Une scène de chaos à Crans-Montana
L’incendie du bar Le Constellation a fait des dizaines de victimes dans la nuit du 31 décembre. Les flammes se sont propagées si vite que beaucoup n’ont pas eu le temps de réagir. “Quand on voit cette scène, déjà, on se dit que c’est pas réel, c’est pas possible”, confie David Vocat, encore marqué par les images. Les secours ont été débordés par l’ampleur du sinistre.
Les larmes de David Vocat, commandant des pompiers de #CransMontana 🥺💔 pic.twitter.com/WzEjCTwDGc
— Paf Pastèque (@PafPasteque04) January 2, 2026
Le plafond brûlait, mais les fêtards continuaient à danser. Personne n’a perçu l’urgence. Et puis, en quelques secondes, les fumées toxiques ont tout englouti.
Des jeunes héroïques dans l’incendie de bar en Suisse
Malgré la panique, une vague d’entraide s’est formée spontanément. “Des jeunes qui aidaient d’autres jeunes à sortir, qui transportaient des gens brûlés… Il y a eu une solidarité incroyable”, raconte le pompier.

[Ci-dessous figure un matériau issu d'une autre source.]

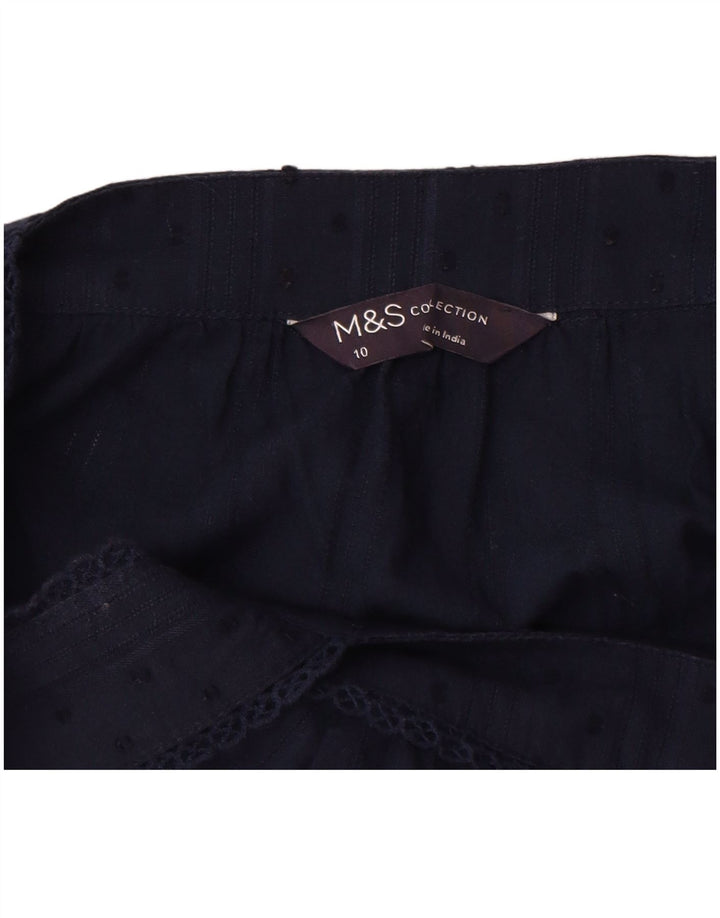 Marks & Spencer Haut caraco sans manches pour femme UK 10 Small Bleu marine à pois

Beaucoup ont risqué leur vie pour sauver leurs amis. Certains sont sortis à moitié inconscients, d’autres n’ont jamais pu quitter les lieux.

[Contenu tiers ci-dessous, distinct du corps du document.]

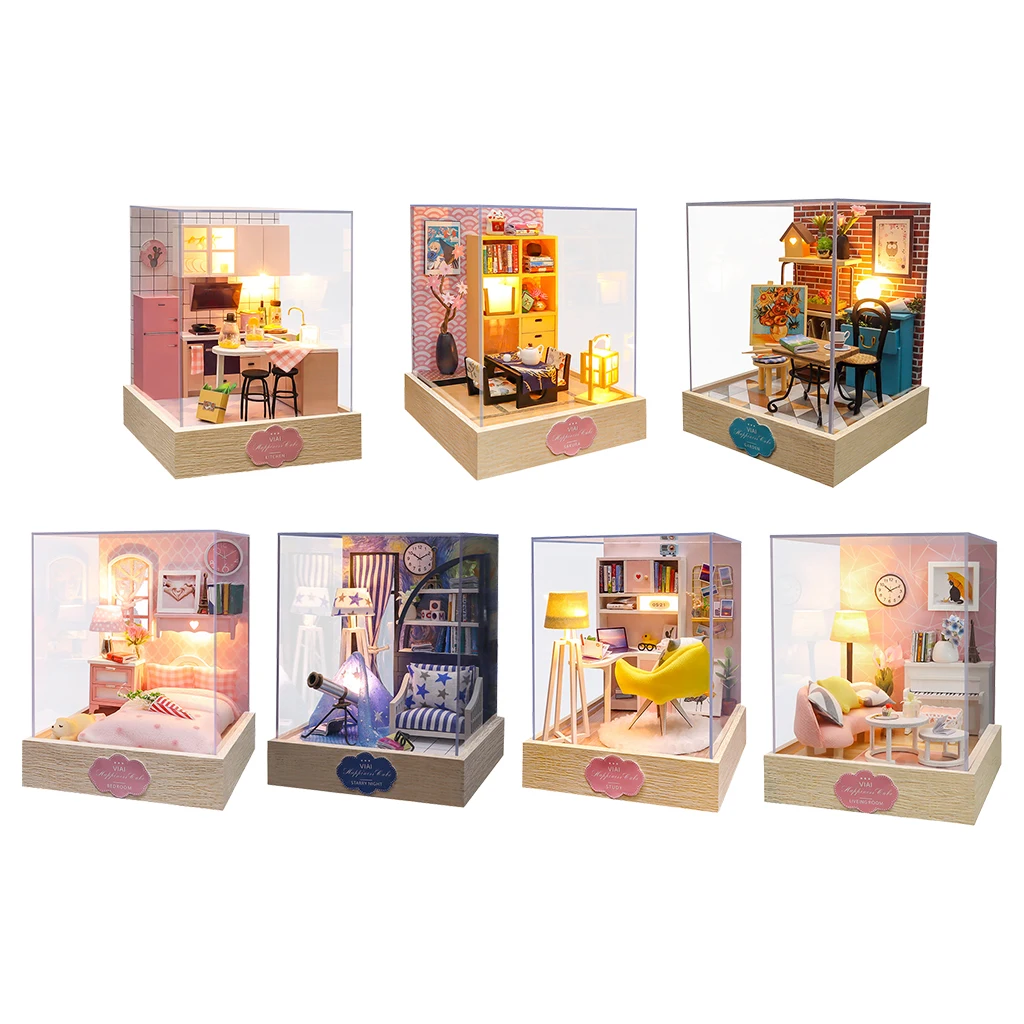 

Mini Wooden Dollhouse Miniature with LED Light Model Holiday Gift for Lovers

Les secours ont installé un poste de triage improvisé dans un bar situé juste en face. Chaque seconde comptait. Chaque geste pouvait sauver — ou condamner.
"Je ne sais pas si je vais pouvoir continuer ce travail…" L'émotion du chef des pompiers de Crans-Mantana pic.twitter.com/ESxybjZ8nh
— Le20h-France Télévisions (@le20hfrancetele) January 5, 2026
Le poids émotionnel sur les secours de Crans-Montana
David Vocat a tenté de ranimer une jeune femme. “Je l’ai massée pendant un moment… Puis on m’a dit : ‘Il faut aller s’occuper des gens qui sont encore vivants.’” Il ajoute, la voix brisée : “Cette fille, malheureusement, elle était déjà morte. Et ça, c’est hyper dur pour nous.”
Ce genre de traumatisme reste gravé. Même après 16 ans de carrière, rien ne prépare à un tel désastre. Surtout quand il frappe une petite station de ski tranquille, habituée aux fêtes paisibles.
Pourquoi cet incendie meurtrier en Suisse a-t-il été si mortel ?
Plusieurs facteurs ont aggravé la situation. La densité du public, la vitesse de propagation des flammes, l’absence de signaux d’alerte précoces. Mais surtout, le manque de conscience du danger. “Ils ont respiré les fumées une fois… deux fois… et ils sont tombés”, explique Vocat. Sans issue, piégés dans un endroit qui, quelques minutes plus tôt, était un lieu de fête.
Ce drame relance les débats sur la sécurité dans les établissements de nuit, notamment en montagne, où les accès peuvent compliquer les interventions d’urgence.